_The task:_ Below is a listing. Write out exactly its lines between the one holding "coconut with sloth face tattoo design idea" and the one holding "Home of Bernese", inclusive.

***** Data extracts *****

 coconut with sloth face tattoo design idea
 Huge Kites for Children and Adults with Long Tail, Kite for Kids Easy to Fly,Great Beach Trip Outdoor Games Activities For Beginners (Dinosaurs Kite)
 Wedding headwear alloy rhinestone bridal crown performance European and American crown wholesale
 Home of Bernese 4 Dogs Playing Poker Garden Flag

*****
***** Data extracts *****

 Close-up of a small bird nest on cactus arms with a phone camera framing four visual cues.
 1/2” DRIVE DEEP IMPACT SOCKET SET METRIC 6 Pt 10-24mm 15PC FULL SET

*****
***** Data extracts *****

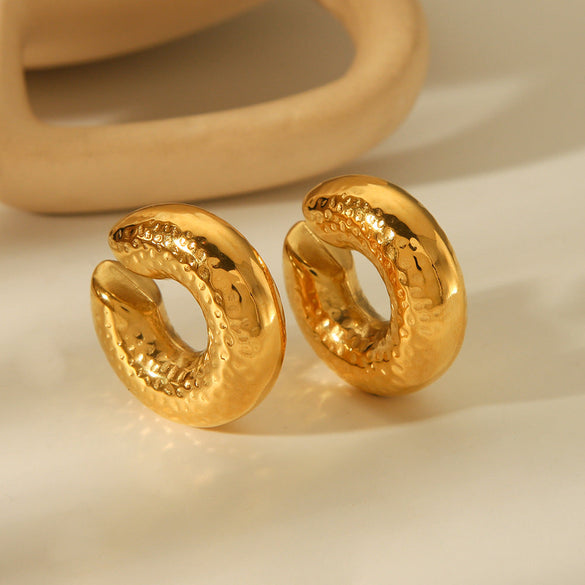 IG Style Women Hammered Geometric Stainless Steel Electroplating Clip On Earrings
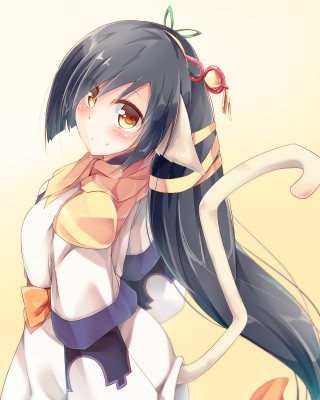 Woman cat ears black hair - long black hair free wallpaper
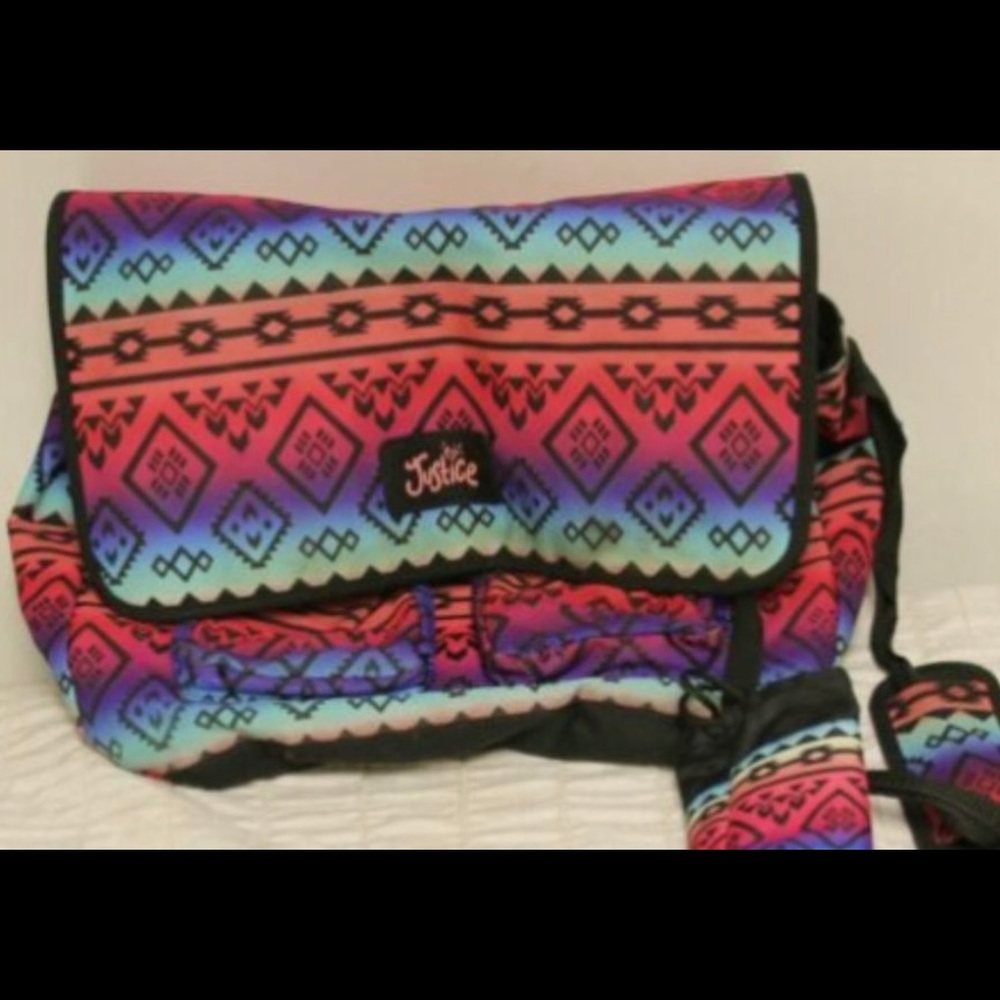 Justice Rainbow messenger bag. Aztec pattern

*****

_Final answer:_
 coconut with sloth face tattoo design idea
 Huge Kites for Children and Adults with Long Tail, Kite for Kids Easy to Fly,Great Beach Trip Outdoor Games Activities For Beginners (Dinosaurs Kite)
 Wedding headwear alloy rhinestone bridal crown performance European and American crown wholesale
 Home of Bernese 4 Dogs Playing Poker Garden Flag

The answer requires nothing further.